A new app for Google Glass allows you to take a picture with only your eye, according to the Associate Press.

The new app called “Winky”, created by developer Mike DiGiovanni, gives the wearer the opportunity to snap a picture while holding one eye closed. The new app is one of the first few apps to appear for Google’s new eyewear.

DiGiovanni commented on the app through his Google+ page:

Winking lets you lifelog with little to no effort. I've taken more pictures today than I have the past 5 days thanks to this. "Sure, they are mostly silly, but my timeline has now truly become a timeline of where I've been.

Many people will have to wait to use the app since Google Glass won’t be released to the masses until at least 2014.

For those worried about hundreds of people walking around and aggressively winking, Marcus Wohlsen of Wired says there is no reason to panic.

"Google Glass fails to acknowledge that walking around with a camera mounted on the side of your face at all times makes you look dorky," he writes. "Think of the Bluetooth headset: it’s a really sensible way to use your phone without having to take it out of your pocket – so sensible that there’s really no reason not to keep that headset in your ear most of the time. But you don’t, do you?"

It will be a while before people all across America will have a Google Glass eye set the way many have Google-powered smartphones. In a previous interview with BBC News, Google Executive Chairman Eric Schmidt said it will also take a while for people to learn how to use the new device in public.

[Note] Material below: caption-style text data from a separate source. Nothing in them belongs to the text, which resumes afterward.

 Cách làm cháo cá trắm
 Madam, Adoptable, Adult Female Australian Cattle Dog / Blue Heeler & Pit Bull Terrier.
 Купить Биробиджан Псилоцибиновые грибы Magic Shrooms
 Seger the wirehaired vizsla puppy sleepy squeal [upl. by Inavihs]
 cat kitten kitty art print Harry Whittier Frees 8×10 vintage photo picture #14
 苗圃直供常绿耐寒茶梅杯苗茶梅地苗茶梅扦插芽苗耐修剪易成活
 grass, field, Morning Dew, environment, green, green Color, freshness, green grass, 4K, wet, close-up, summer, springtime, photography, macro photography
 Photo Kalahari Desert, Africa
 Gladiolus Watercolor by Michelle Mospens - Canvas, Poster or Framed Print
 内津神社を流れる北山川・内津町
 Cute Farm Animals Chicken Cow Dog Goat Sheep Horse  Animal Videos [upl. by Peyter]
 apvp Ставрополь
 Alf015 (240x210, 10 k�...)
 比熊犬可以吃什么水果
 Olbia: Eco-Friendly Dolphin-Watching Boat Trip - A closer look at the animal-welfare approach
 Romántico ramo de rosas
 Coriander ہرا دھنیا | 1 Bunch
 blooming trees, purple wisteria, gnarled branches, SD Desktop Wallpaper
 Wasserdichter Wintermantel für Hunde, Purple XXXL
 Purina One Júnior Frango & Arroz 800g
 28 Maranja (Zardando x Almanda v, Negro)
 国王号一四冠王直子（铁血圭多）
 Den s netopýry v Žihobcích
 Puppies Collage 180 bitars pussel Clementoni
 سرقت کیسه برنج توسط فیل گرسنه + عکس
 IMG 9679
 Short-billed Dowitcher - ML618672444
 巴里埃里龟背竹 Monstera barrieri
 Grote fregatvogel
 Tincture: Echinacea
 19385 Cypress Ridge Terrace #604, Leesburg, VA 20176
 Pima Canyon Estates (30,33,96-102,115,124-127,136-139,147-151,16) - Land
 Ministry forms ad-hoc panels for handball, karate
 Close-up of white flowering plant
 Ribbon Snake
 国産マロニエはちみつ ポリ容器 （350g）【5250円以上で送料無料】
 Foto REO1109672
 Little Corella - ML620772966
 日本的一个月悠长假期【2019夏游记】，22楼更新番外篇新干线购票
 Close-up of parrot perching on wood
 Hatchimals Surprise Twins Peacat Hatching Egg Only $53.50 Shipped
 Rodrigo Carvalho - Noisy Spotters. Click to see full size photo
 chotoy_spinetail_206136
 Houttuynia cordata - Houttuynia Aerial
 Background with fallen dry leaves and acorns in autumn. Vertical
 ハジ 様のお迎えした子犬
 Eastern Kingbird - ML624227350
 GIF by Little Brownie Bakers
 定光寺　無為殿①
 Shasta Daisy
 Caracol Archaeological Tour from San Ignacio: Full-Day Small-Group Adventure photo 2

"The fact of the matter is we'll have to develop some new social etiquette. It's obviously not appropriate to wear these glasses in situations where recording is not correct, and indeed you have this problem already with phones," Schmidt said. "Companies like Google have a very important responsibility to keep your information safe. You have responsibility as well to understand what you are doing and how you are doing it and obey appropriately and also keep everything up to date."